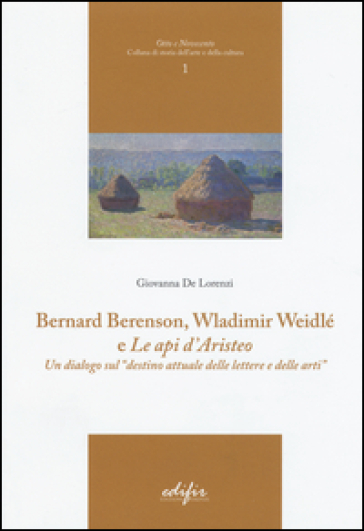 Bernard Berenson, Wladimir Weidlé, e «Le api d'Aristeo». Un dialogo sul «destino attuale delle lettere e delle arti» - Giovanna De Lorenzi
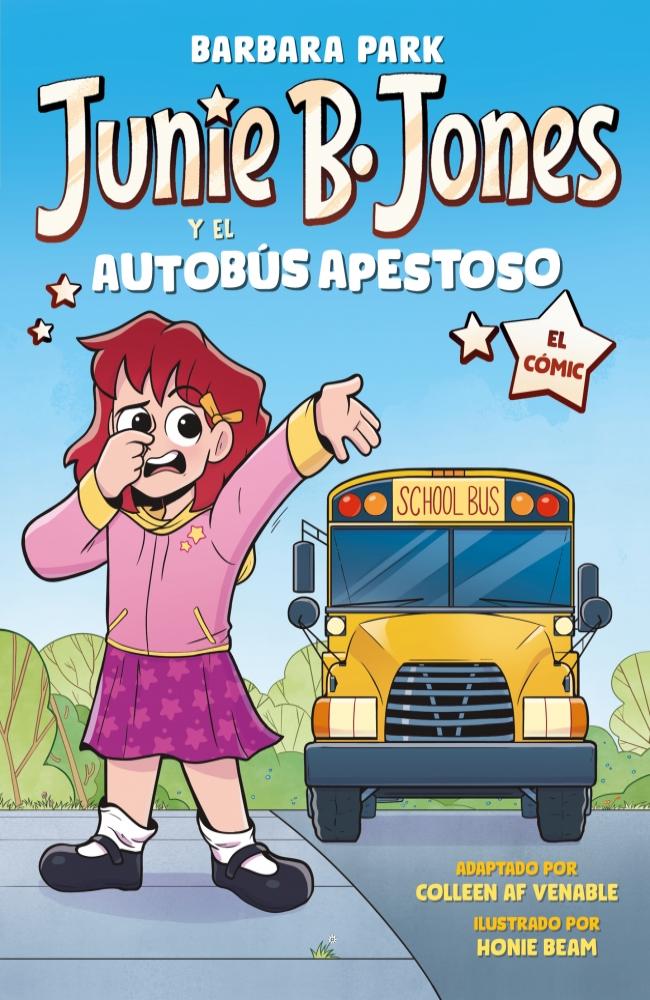 Junie B. Jones y el autobús apestoso. El cómic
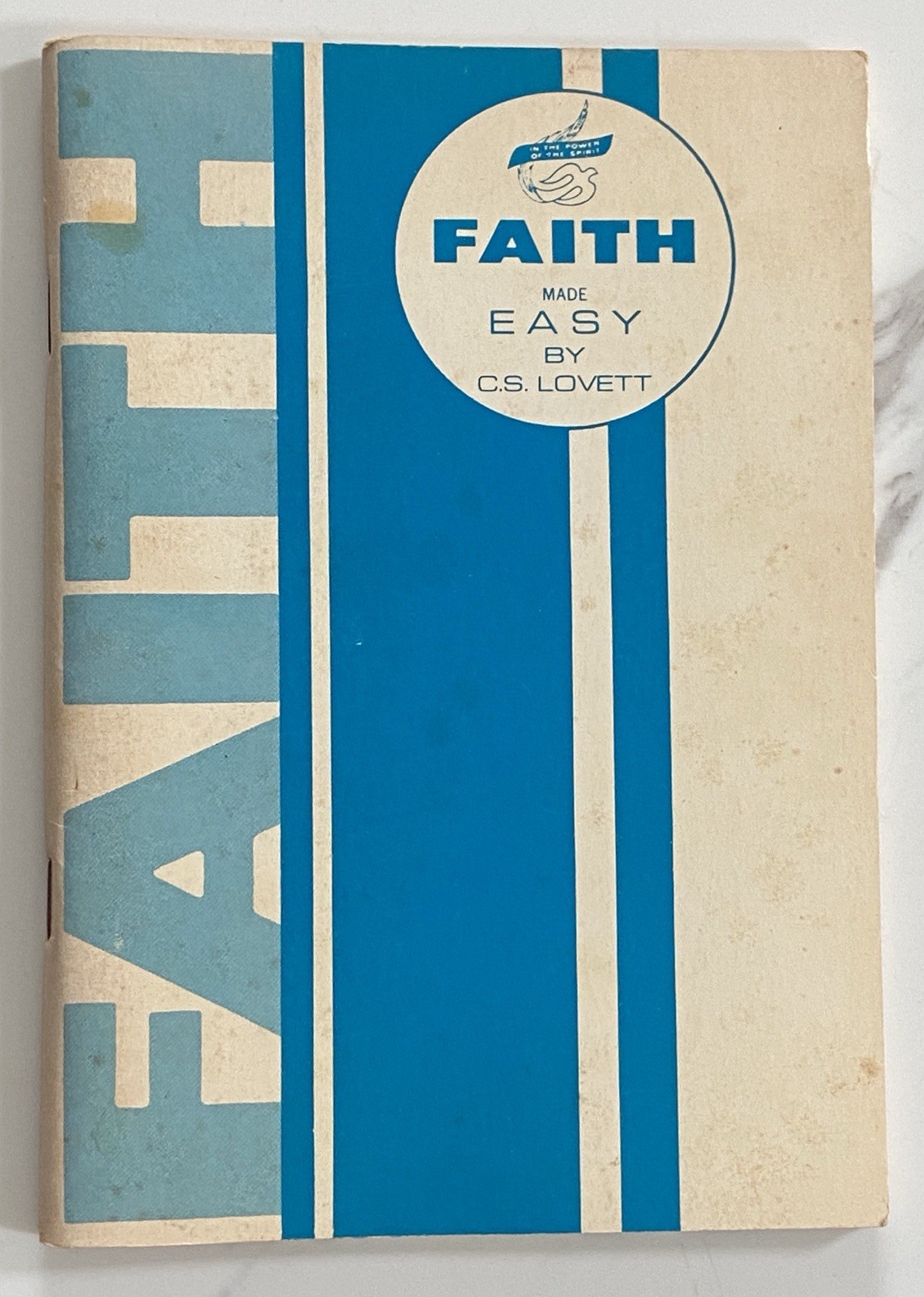 Faith Made Easy C.S. Lovett 1968 3rd Ed. Personal Christianity Vintage Booklet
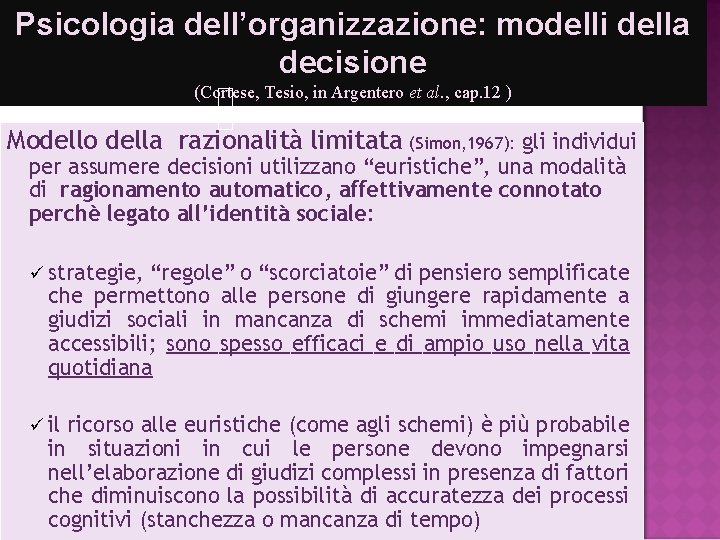 Psicologia dell’organizzazione: modelli della decisione (Cortese, Tesio, in Argentero et al. , cap. 12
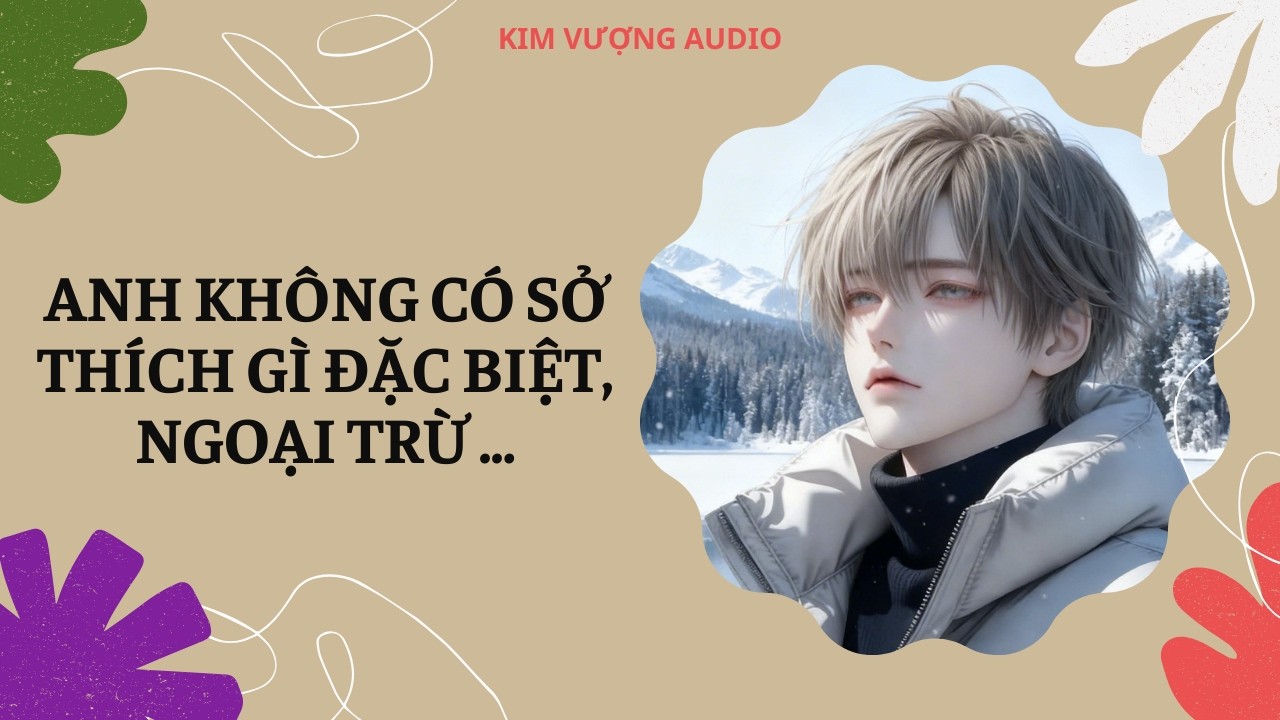 [Đam Mỹ Audio] [Full] ANH KHÔNG CÓ SỞ THÍCH GÌ ĐẶC BIỆT, NGOẠI TRỪ ...  [Kim Vượng audio]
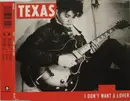 CD Single - Texas - I Don't Want A Lover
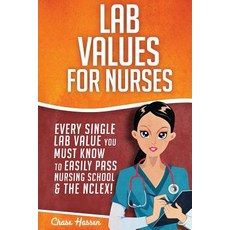Lab Values for Nurses Every Single Lab Value You Must Know to Easily Pass Nursing School & the Nclex!, Createspace Independent Publishing Platform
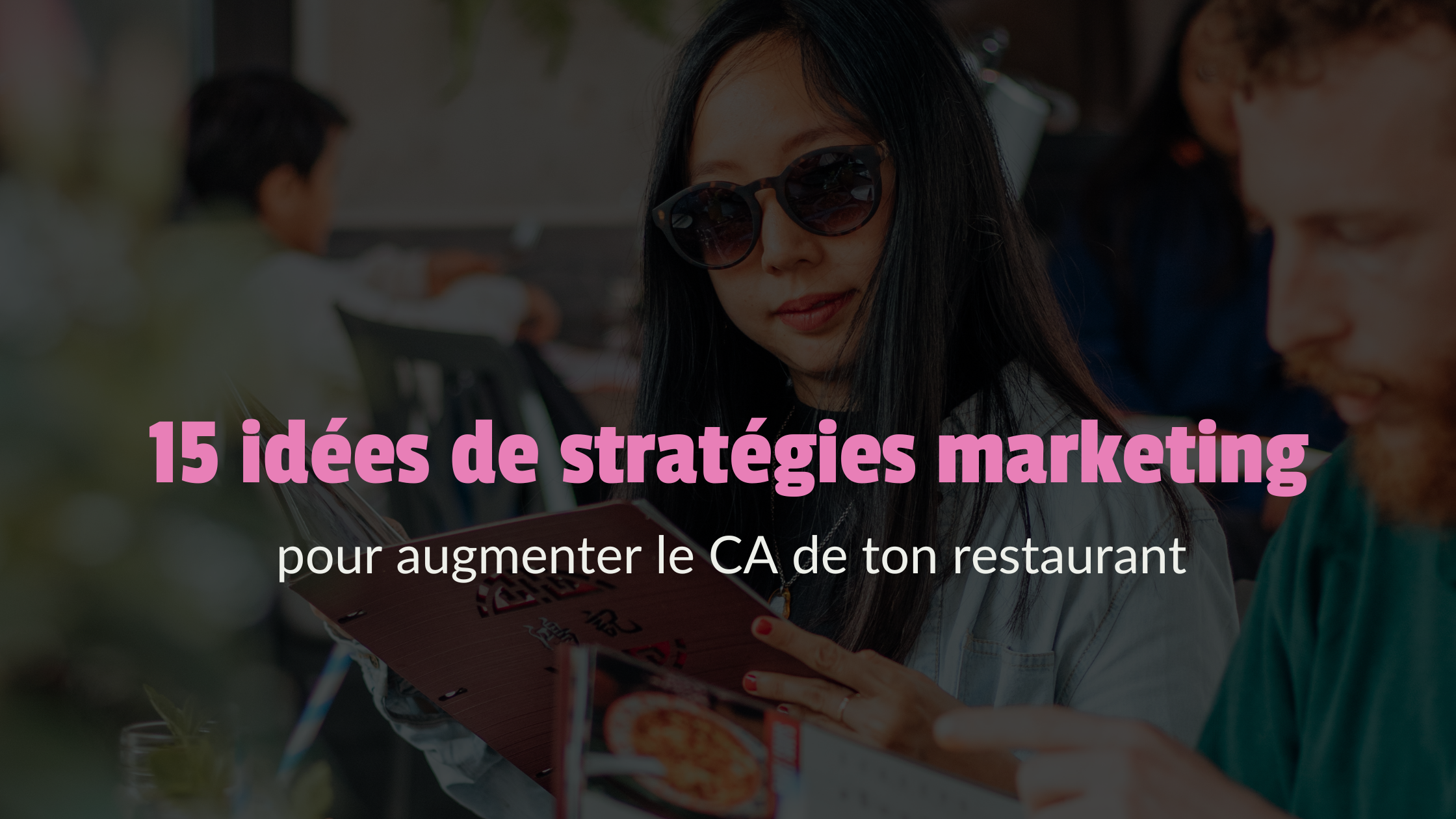 15 idées de stratégies marketing pour augmenter le CA de ton restaurant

§ **About this exercise**: Transcribe the material exactly, leaving every picture out.

§ **Response for this exercise**:
 Bernard Berenson, Wladimir Weidlé, e «Le api d'Aristeo». Un dialogo sul «destino attuale delle lettere e delle arti» - Giovanna De Lorenzi
 Junie B. Jones y el autobús apestoso. El cómic
 Faith Made Easy C.S. Lovett 1968 3rd Ed. Personal Christianity Vintage Booklet
 Psicologia dell’organizzazione: modelli della decisione (Cortese, Tesio, in Argentero et al. , cap. 12
 [Đam Mỹ Audio] [Full] ANH KHÔNG CÓ SỞ THÍCH GÌ ĐẶC BIỆT, NGOẠI TRỪ ...  [Kim Vượng audio]
 CD Single - Texas - I Don't Want A Lover
Lab Values for Nurses Every Single Lab Value You Must Know to Easily Pass Nursing School & the Nclex!, Createspace Independent Publishing Platform
 15 idées de stratégies marketing pour augmenter le CA de ton restaurant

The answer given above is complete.